Article numéro 5; ou Une nouvelle déprimante.

     « Où est-ce que t’as balancé mon blouson ? »

     La question parvint a Emma qui, tranquillement assise sur son lit, regardait fixement le vide devant elle. Elle ne répondit pas, elle n’entendit même pas, continuant inlassablement à regarder dans le vide, son esprit en veille. L’homme, dont elle avait oublié le nom – l’avait elle même déjà su ? – apparut sur le seuil de la chambre, son blouson a la main, pour lui dire qu’il s’en allait. Aucune réaction. Pas plus quand il tourna les talons et partit. Après un très long moment son corps attrapa d’un geste machinal propre à toutes les enveloppes charnelle vide, un paquet de cigarettes qui reposait sur la table de nuit à coté d’un briquet. Elle s’en alluma une et reposa le paquet et le briquet a leur place. La fumé e de la cigarette irritant sa gorge et dés-embrumant son esprit. A chaque bouffée, elle sortit un peu plus de sa léthargie, ses pensées remontant à l’intérieur de son crâne en même temps que sa souffrance remontait dans son cœur.

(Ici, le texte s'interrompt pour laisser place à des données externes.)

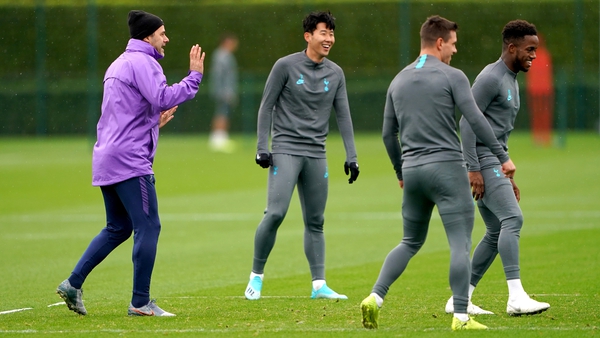 Tottenham Hotspur manager Mauricio Pochettino (L) during training with his players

     Lentement, elle se leva et alla jusqu'à sa cuisine. Ça faisait des mois que sa durait, mais ce soir c’était terminé. Ça y’est, la douleur avait atteint son paroxysme. Elle c’était battue mais maintenant, elle ne pouvait plus rien encaisser. Elle entra dans la cuisine, passa devant le four, regrettant un instant qu’il fut électrique, et se dirigea vers le bloc de couteau ou elle saisi le plus gros, puis retourna lentement a sa chambre, où elle s’alluma un deuxième clope. Tout en tirant sur sa cigarette elle posa le couteau en face d’elle et le fixa. Alors que d’habitude quand elle pensait a ce qu’elle songeait faire, des milliers de questions et de pensées se bousculaient dans sa tête, là une seule interrogation était présente dans son esprit : aurait-elle le cran de le faire ?

     Elle resta un très long moment a contempler la lame épaisse du couteau, moment qui dura probablement des heures, se répétant inlassablement cette même foutue question. Puis, se décidant enfin, elle prit le couteau, appuya sur son poignet, l’enfoncant légèrement dans sa chair et d’un geste sec et décidé, trancha. La douleur fut très vive, et elle faillit lâcher le couteau, mais voyant le sang commencer à couler elle mis la lame dans son autre main et répéta l’opération sur son poignet droit et finalement, lacha la lame.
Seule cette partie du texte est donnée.